The theater kids of Parkland performed Rent’s “Seasons of Love” at the 2018 Tonys.

Constance Grady
Constance Grady is a senior correspondent on the Culture team for Vox, where since 2016 she has covered books, publishing, gender, celebrity analysis, and theater.

Sunday night’s Tony awards celebrated the best of Broadway, and they also gave a group of children from Marjory Stoneman Douglas High the chance to live out every theater kid’s dream: perform Rent’s “Seasons of Love” in front of the most famous actors on Broadway.

Every year, the Tonys offer a special award to a theater educator from anywhere in the country. This year’s award went to Stoneman Douglas High’s Melody Herzfeld, who hid with more than 60 of her students in her drama classroom during this year’s Parkland school shooting. Herzfeld said that since the school shooting, she’s found that her students have relied on arts and music to help them handle the trauma.

“Every piece of beautiful theater is truth,” Herzfeld said in an interview with NPR, “and I think that when a child or a student that is 14 to 18 years old is given permission to tell their truth, they’ll sing it from the top of the car and they’ll sing it from the top of the roof.”

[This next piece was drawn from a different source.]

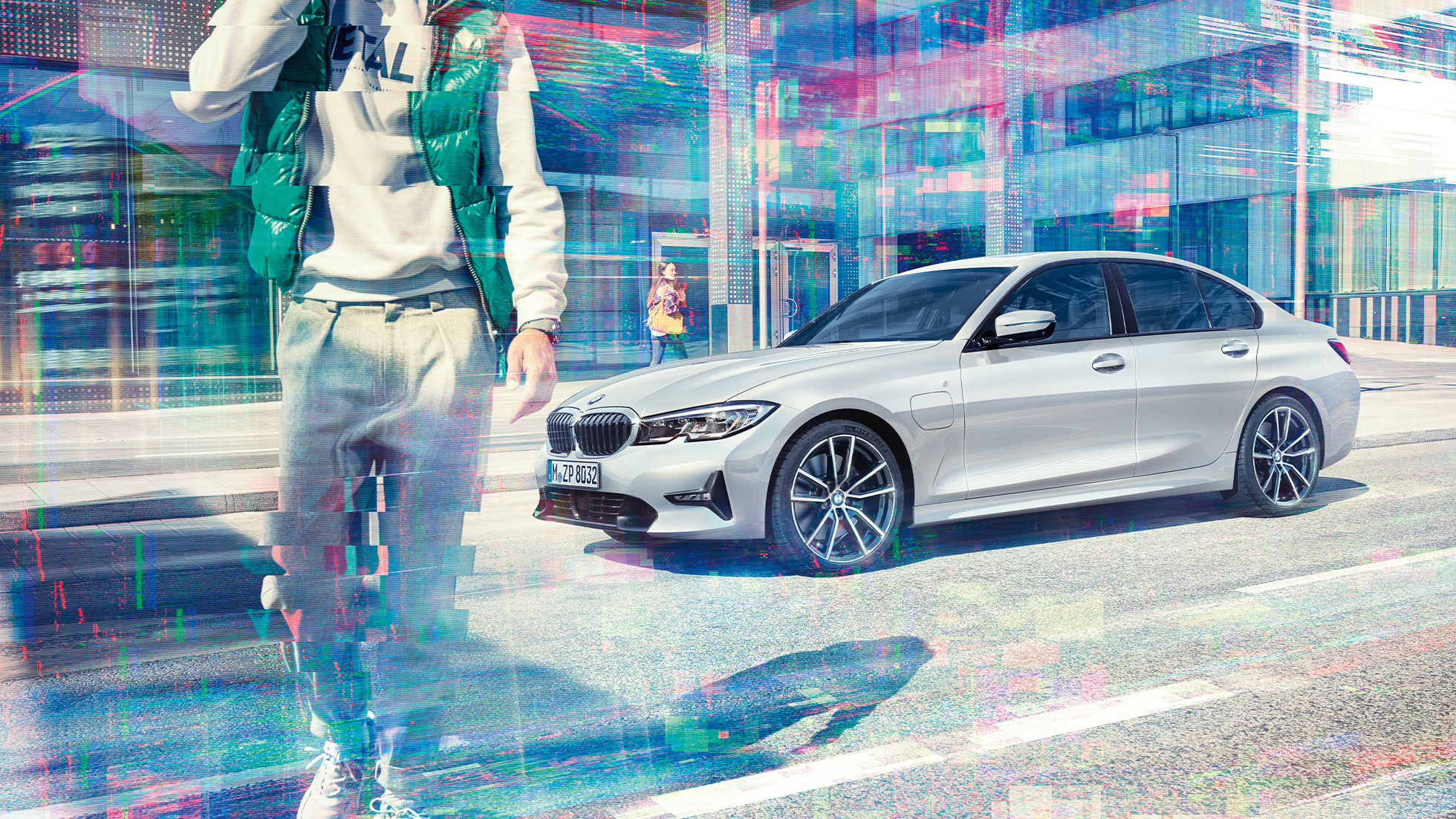 Vista lateral BMW Serie 3 BMW 330e BMW Serie 3 BMW 330e G20 en color Glaciersilber metalizado. Vista lateral de la Sedán híbrida enchufable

In celebration of Herzfeld’s win, her students took to the stage at the Tony Awards to perform theater kid anthem “Seasons of Love.” In addition to the official video of their performance, the Hollywood Reporter’s Scott Feinberg captured some of it from inside the theater.

It’s a song that was built to make you feel every single feeling, and watching it get belted out by the Parkland kids — who have survived so much and gone on to use their voices so well — added new, transcendent layers.